Is $\cup_{k=1}^\infty (r_k-\frac{1}{k}, r_k+\frac{1}{k}) = \mathbb{R}$?

Let $r_k$ be the rational numbers in $\mathbb{R}$.

(1).Is $\cup_{k=1}^\infty (r_k-\frac{1}{k^2}, r_k+\frac{1}{k^2}) = \mathbb{R}$?

(2).Is $\cup_{k=1}^\infty (r_k-\frac{1}{k}, r_k+\frac{1}{k}) = \mathbb{R}$?

(1).Because $m(\mathbb{R})=+\infty, \sum_{k=1}^\infty \frac{1}{k^2}<+\infty$, so $\mathbb{R} \setminus\cup_{k=1}^\infty (r_k-\frac{1}{k^2}, r_k+\frac{1}{k^2})\neq \Phi $ (2) What about (2)?

Solution 1:

One can choose an enumeration $\{r_k\}_{k=1}^\infty$ of the rationals so that (2) fails.

Define $A = \{2^k : k \in \Bbb N\}$.

Let $\{r_k\}_{k=1}^\infty$ be an enumeration of the rationals such that $$ \{k \in \Bbb N : r_k \in \Bbb Q \cap [0, \infty)\} = A. $$

This is possible since $A$, $\Bbb N - A$, $\Bbb Q \cap [0, \infty)$ and $\Bbb Q \cap (-\infty, 0)$ are all countably-infinite.

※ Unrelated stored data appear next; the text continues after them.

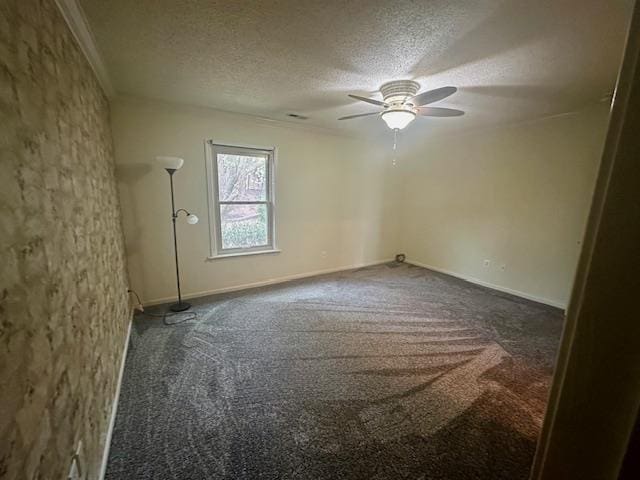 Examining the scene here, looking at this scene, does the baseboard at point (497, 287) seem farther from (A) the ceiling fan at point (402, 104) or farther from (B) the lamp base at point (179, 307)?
(B) the lamp base at point (179, 307)

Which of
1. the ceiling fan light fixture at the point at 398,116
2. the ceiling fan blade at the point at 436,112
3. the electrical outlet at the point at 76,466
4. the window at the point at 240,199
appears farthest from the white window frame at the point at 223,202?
the electrical outlet at the point at 76,466

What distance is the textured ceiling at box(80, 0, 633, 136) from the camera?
1.46m

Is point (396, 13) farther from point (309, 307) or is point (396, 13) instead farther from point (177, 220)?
point (177, 220)

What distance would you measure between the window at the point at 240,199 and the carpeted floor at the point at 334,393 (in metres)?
0.96

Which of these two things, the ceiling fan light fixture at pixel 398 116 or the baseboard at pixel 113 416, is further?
the ceiling fan light fixture at pixel 398 116

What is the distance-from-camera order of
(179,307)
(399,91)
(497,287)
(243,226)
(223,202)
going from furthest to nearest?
(497,287)
(243,226)
(223,202)
(179,307)
(399,91)

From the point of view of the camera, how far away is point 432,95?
206 centimetres

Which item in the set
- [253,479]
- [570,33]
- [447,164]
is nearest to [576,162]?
[447,164]

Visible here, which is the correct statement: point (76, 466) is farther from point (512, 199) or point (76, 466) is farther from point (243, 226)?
point (512, 199)

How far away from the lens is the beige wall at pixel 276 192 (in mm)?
3025

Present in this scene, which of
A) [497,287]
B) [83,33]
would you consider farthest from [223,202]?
[497,287]

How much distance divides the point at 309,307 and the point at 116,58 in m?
2.97

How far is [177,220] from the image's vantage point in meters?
3.30

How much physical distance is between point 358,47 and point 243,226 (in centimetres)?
272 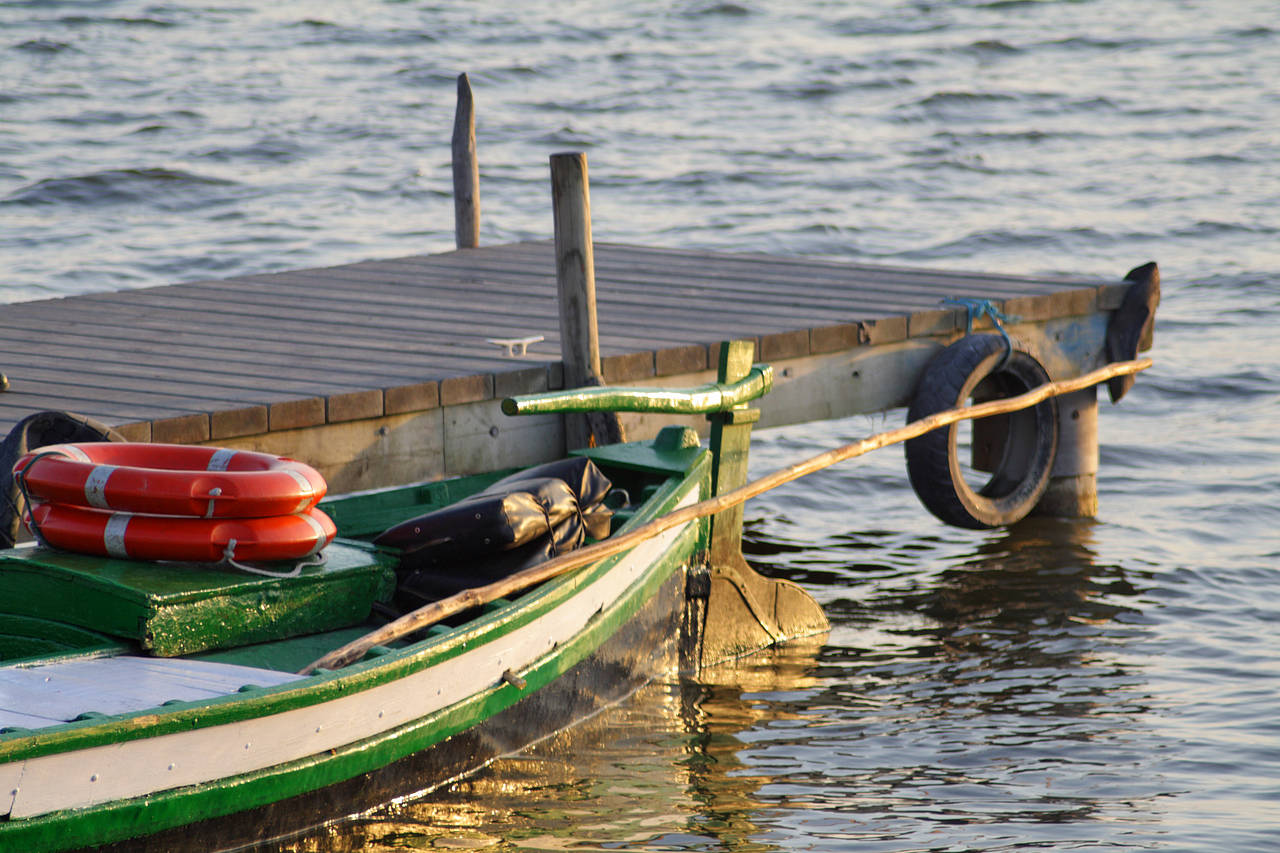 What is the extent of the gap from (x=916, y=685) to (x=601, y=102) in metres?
17.3

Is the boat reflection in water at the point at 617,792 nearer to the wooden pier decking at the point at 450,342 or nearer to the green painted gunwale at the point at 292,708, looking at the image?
the green painted gunwale at the point at 292,708

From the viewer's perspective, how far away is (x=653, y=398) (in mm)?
7348

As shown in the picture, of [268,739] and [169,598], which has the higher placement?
[169,598]

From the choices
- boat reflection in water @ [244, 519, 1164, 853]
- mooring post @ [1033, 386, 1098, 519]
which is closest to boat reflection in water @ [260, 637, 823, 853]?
boat reflection in water @ [244, 519, 1164, 853]

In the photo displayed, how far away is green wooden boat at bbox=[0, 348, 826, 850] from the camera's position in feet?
15.2

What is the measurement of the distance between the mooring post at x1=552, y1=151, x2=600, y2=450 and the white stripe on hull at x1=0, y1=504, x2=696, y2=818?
1602 millimetres

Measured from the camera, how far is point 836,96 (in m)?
24.7

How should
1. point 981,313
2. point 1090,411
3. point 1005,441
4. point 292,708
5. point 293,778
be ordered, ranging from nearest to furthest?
point 292,708, point 293,778, point 981,313, point 1005,441, point 1090,411

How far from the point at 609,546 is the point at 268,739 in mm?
1713

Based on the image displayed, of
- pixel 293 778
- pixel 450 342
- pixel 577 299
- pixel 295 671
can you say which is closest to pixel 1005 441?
pixel 577 299

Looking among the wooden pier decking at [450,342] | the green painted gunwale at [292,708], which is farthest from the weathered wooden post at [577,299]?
the green painted gunwale at [292,708]

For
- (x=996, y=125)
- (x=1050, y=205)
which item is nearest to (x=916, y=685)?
(x=1050, y=205)

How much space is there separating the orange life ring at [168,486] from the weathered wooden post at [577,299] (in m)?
2.32

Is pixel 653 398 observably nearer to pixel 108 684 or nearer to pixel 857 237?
pixel 108 684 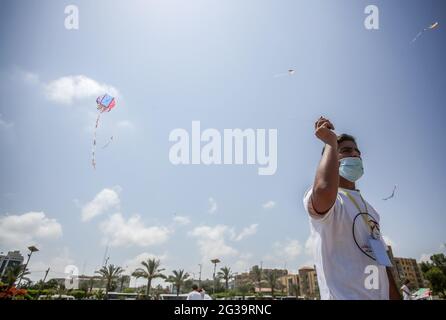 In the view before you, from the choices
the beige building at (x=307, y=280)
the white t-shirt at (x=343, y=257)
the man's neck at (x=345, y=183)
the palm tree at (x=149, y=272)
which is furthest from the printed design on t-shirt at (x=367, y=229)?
the beige building at (x=307, y=280)

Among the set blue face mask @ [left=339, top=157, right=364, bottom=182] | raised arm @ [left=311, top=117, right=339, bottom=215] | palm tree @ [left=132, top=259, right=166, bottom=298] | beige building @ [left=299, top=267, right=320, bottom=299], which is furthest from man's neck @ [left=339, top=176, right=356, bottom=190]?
beige building @ [left=299, top=267, right=320, bottom=299]

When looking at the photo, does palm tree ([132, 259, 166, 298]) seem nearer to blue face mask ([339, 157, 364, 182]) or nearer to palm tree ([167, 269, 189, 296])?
palm tree ([167, 269, 189, 296])

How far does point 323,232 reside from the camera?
1.48 m

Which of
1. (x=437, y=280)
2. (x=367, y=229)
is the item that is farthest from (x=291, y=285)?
(x=367, y=229)

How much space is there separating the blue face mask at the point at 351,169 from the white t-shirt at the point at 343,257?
0.50m

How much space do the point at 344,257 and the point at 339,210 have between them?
264 millimetres

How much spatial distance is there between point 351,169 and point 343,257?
2.82ft

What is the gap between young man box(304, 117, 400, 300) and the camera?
1.35m

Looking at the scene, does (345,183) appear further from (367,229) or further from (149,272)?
(149,272)

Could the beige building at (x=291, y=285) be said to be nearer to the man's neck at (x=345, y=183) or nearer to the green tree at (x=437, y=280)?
the green tree at (x=437, y=280)

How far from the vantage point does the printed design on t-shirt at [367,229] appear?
151cm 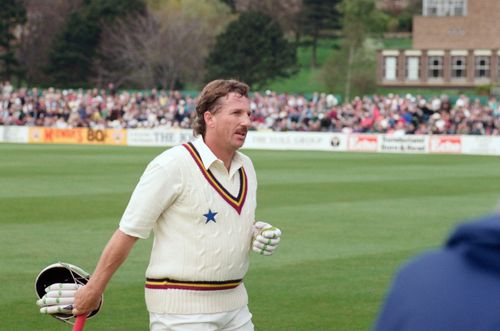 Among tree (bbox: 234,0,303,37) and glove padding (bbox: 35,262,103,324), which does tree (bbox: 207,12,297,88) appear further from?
glove padding (bbox: 35,262,103,324)

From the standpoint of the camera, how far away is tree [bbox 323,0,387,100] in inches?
4092

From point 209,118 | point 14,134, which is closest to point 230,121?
point 209,118

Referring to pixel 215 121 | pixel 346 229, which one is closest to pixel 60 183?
pixel 346 229

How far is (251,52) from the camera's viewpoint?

Note that $[2, \infty)$ cannot be covered by $\bigcup_{r=1}^\infty (r_k - 1/k, r_k + 1/k)$. This is because only the intervals $(r_k - 1/k, r_k + 1/k)$ for $k \in A$ can cover elements in $[2, \infty)$, and the sum of the lengths of those intervals is finite.

Solution 2:

I think (2) depends on how you enumerate the rationals. For example lets say you dont want $e$ in the image. Then enumerate the rationals so that if $q$ is a rational and $e-q \sim \frac{1}{n}$ the make sure that if $r_k=q$ we have $k > n$. (better is given in Ayman's answer and in the comments afterwards). Conversely, there is an enumeration so that (2) is true, for example to cover the unit interval chose the rational sequence increasing so that you succsssively cover the interval, since the series diverges you will cover the whole interval, then do this over every interval.

I have given a very rough description of these constructions, they involve much back and forth to ensure one has a enumeration of all the rationls.